Consolidated net sales increased $6,174,000 (21%).  Sales increased $4,031,000 (25%) in the construction materials segment as the result of the acquisition of Rocky Mountain Ready Mix Concrete, Inc. at the beginning of 2001.  Sales in the heating and air conditioning segment increased $2,148,000 (17%) as overall conditions in the evaporative cooler market improved compared to the depressed conditions encountered in the second quarter 2000.  Fan coil sales declined due to some slow down in commercial construction as well as the deferral of shipments in 2001 on a few large jobs.

Consolidated cost of sales (exclusive of depreciation and depletion) as a percentage of sales increased from 74.8% to 76.7%.  The cost of sales percentage in the construction materials segment was nearly unchanged.  The cost percentage in the heating and air conditioning segment increased as the result of a larger proportion of evaporative coolersales, which typically carry a lower profit margin and a decline in wall furnace margins due to lower production volume.

 

Depreciation and selling and administrative expenses were higher in the 2001 period principally due to the aforementioned acquisition.

Net interest expense was higher as a result of the bank debt incurred to fund the acquisition.  The interest on the additional borrowings was offset to some extent by lower interest rates and earnings on cash investments.

Historically the first quarter is the Company’s weakest quarter as weather generally hinders production in the Company’s Colorado construction materials operations and the selling season for heating equipment ends.  Operating results typically improve in the second and third quarter along with weather conditions in Colorado.  Fourth quarter results can vary based on weather conditions in Colorado as well as in the principal markets for the Company’s heating equipment.  Sales of fan coils are generally not subject to seasonal variation.

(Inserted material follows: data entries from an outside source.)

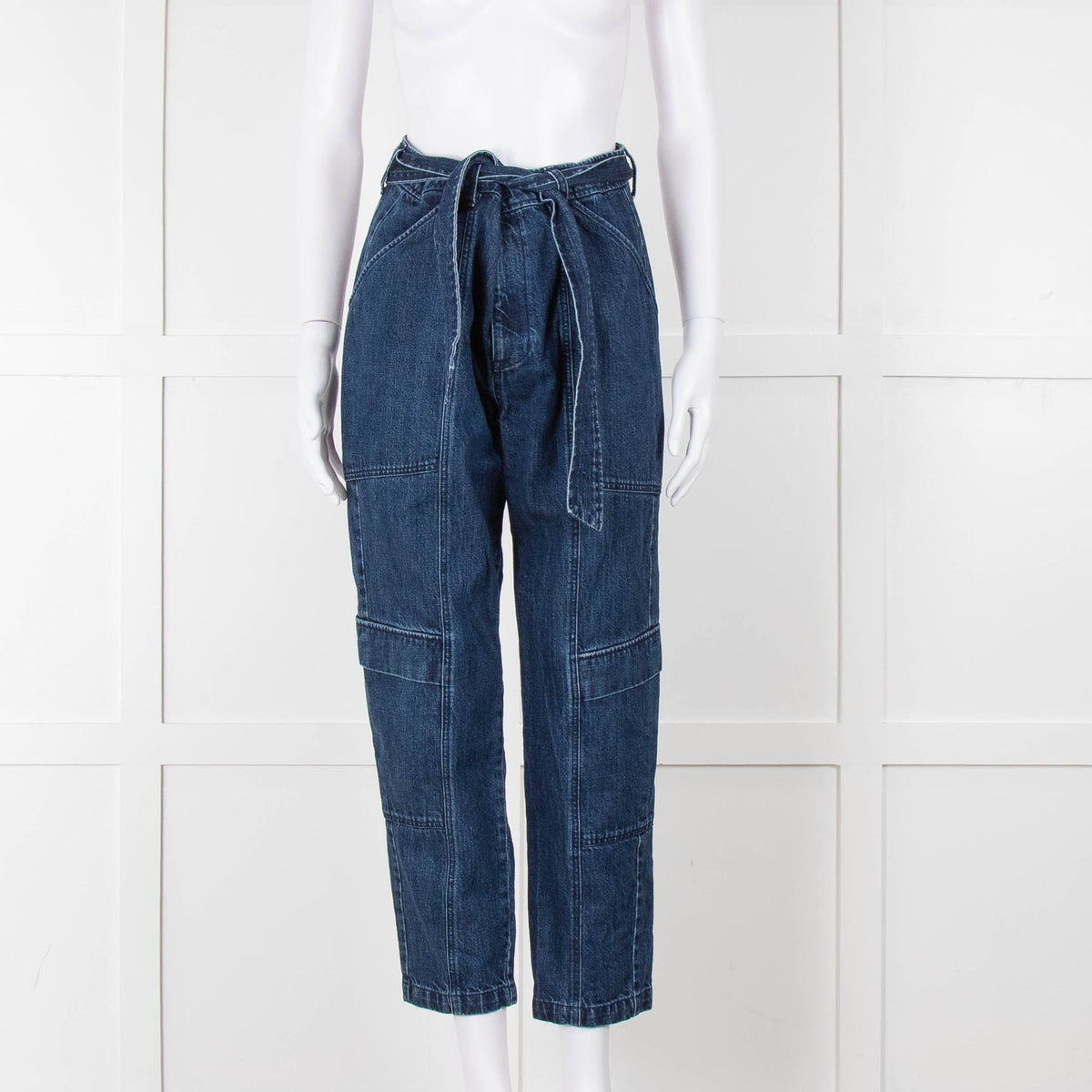 J Brand Blue High Waisted Belted Jeans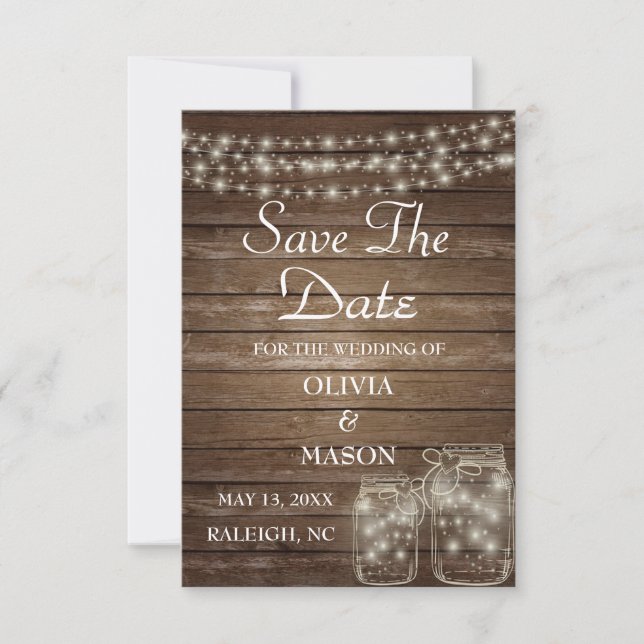 Save the Date Elegant Rustic Mason Jar Lights (Front)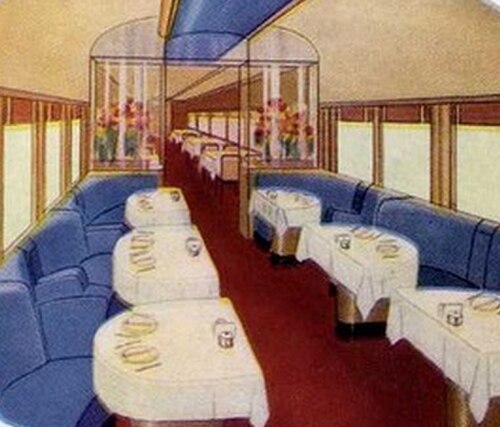 食堂車の別の部分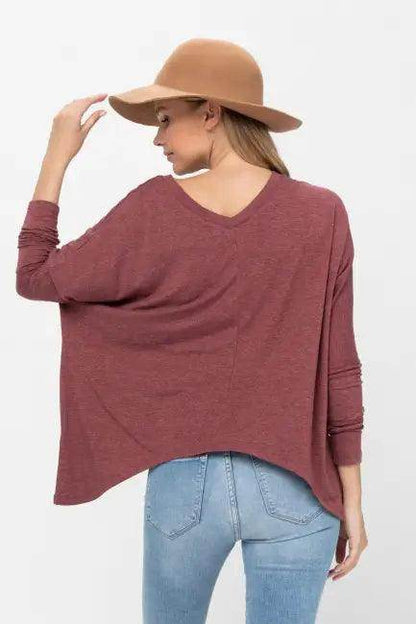 Mauve Long-Sleeved Dolman Sleeve Knit Tunic Blouse for Comfort - Estalios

Operations - Comparison of Six Months Ended June 30, 2001 to Quarter Ended July 1, 2000 (See page 4)

Consolidated net sales increased $8,901,000 (17%).  Sales in the construction materials segment increased $4,130,000 (13%) as the result of the acquisition discussed above.  The sales growth resulting from the acquisition was partially offset due to inclement weather in the first quarter along Colorado’s Front Range.

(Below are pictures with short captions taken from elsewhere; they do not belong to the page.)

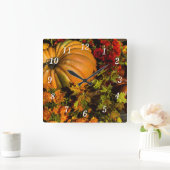 カボチャ及びマーム配置壁時計 スクエア壁時計 (ホーム)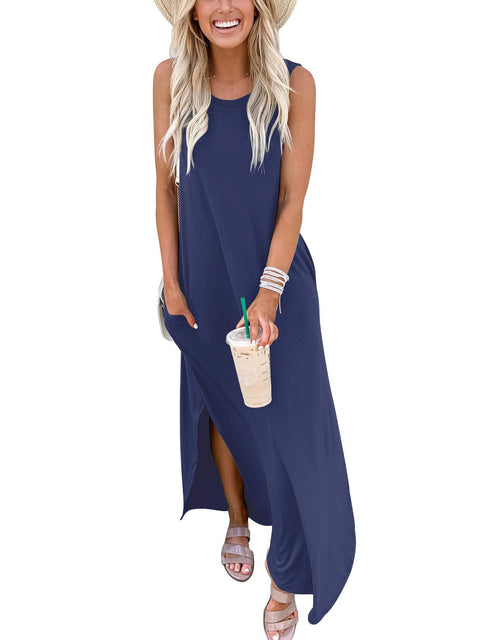 ANRABESS Women Casual Loose Sundress Sleeveless Split Maxi Long Beach Shirt Dress Travel Vacation 2025 Summer Outfits Blue Large ANRABESS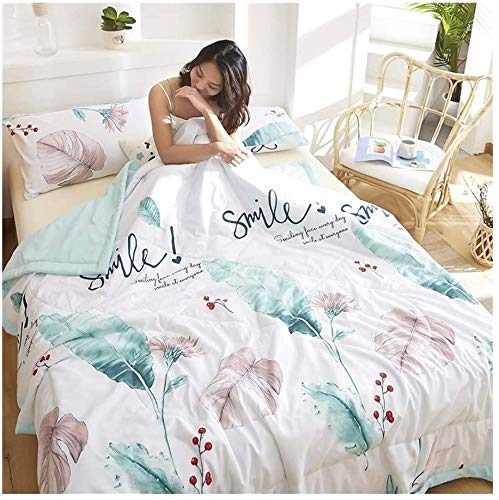 LZCMN Ropa de Cama Conjuntos colchonetas Lavable Edredón Simple/Doble/Rey Edredón Suavidad Consolador Lanza For Sofá Cama Manta Lanza Microfibra Anti-ácaro Ligera 100% Algodón Conjunto de Nórdices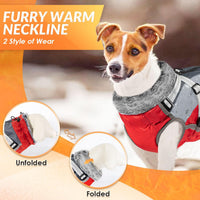 SlowTon Dog Jacket with Harness - Red & Gray / Medium (Chest 18.0"-21.0") - image 4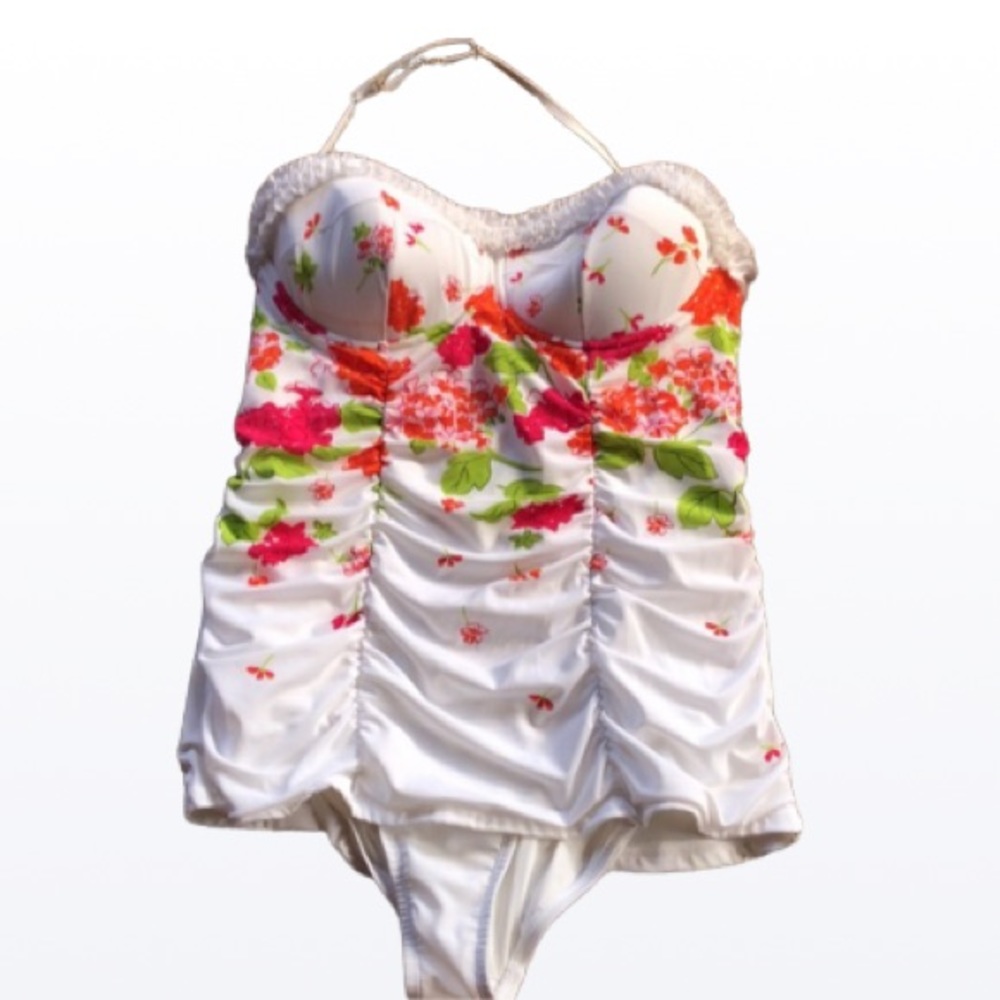 Jantzen White and Red Floral One Piece Swimsuit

Sales in the heating and air conditioning segment increased $4,775,000 (22%).  Evaporative cooler sales increased for the same reasons noted above.  Sales of wall furnaces were higher due to cold weather in the first quarter in the key market areas.  Fan coil sales declined as the result of a slow down in commercial construction.

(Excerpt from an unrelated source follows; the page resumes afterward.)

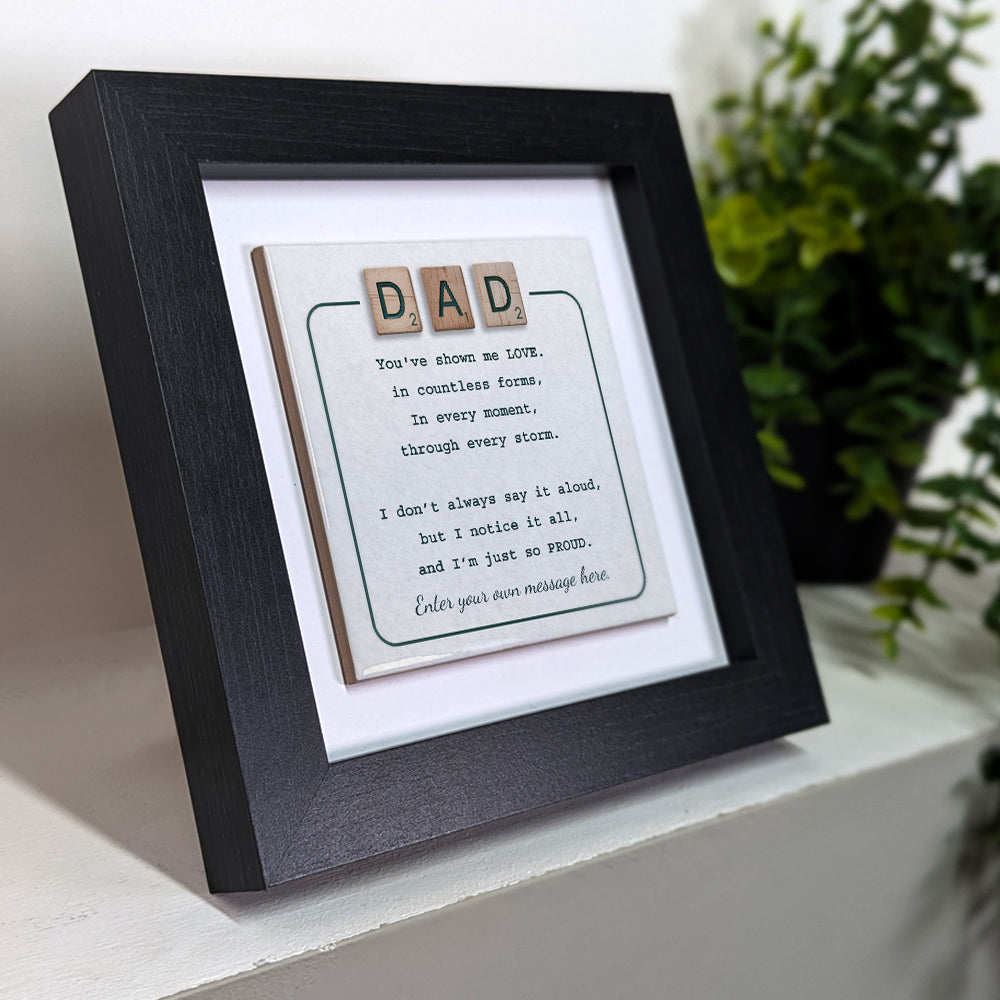 Gifts For Dad – Scrabble Style Love Verse Personalized Framed Ceramic Tile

Cost of sales (exclusive of depreciation and depletion) as a percentage of net sales increased from 75.30% to 77.25%.  The cost percentage increased in both segments.  The construction materials segment experienced higher costs as the overall gross margins of Rocky Mountain Ready Mix Concrete are moderately lower than at the Company’s other construction materials operations.  In addition, in the first half of 2001 sales volume was generally lower than the previous year due to the weather in the first quarter.

Cost of sales in the heating and air conditioning segment increased as the result of a higher labor, employee benefit, and energy costs, as well as a change in product mix.

Other costs and expenses, including interest, increased for reasons noted above.

NEW ACCOUNTING STANDARDS

The Emerging Issues Task Force (“EITF”) issued EITF No. 00-14, “Accounting for Certain Sales Incentives” which addresses the recognition, measurement and statement of earnings classification for certain sales incentives and will be effective in the first quarter of 2002.  As a result, certain items previously included in cost of sales and in selling and administrative costs on the consolidated statement of operations will be recorded as a reduction of sales.  The Company is currently in the process of determining the impact of adoption of EITF No. 00-14.  Upon adoption, prior period amounts will be reclassified to conform to the new requirements.  In April 2001, the EITF reached a consensus on Issue No. 00-25, “Vendor Income Statement Characterization of Consideration to a Purchaser of the Vendor’s Products or Services”.  EITF Issue No. 00-25 requires that certain expenses included in cost of sales and in selling and administrative costs be recorded as a reduction of sales and will be effective in the first quarter of 2002.  The Company is currently in the process of determining the impact of EITF Issue No. 00-25.

 

In July 2001, the Financial Accounting Standards Board issued Statements of Financial Accounting Standards No. 141, “Business Combinations” and No. 142, “Goodwill and Other Intangible Assets”.  Effective January 1, 2002, the Company will no longer be required to amortize goodwill and certain intangible assets as a charge to earnings.  In addition, the Company will be required to review goodwill and other intangible assets for potential impairment.  The Company is currently in the process of quantifying the impact of the new standard.  However, the Company currently anticipates that substantially all amortization of goodwill will be eliminated.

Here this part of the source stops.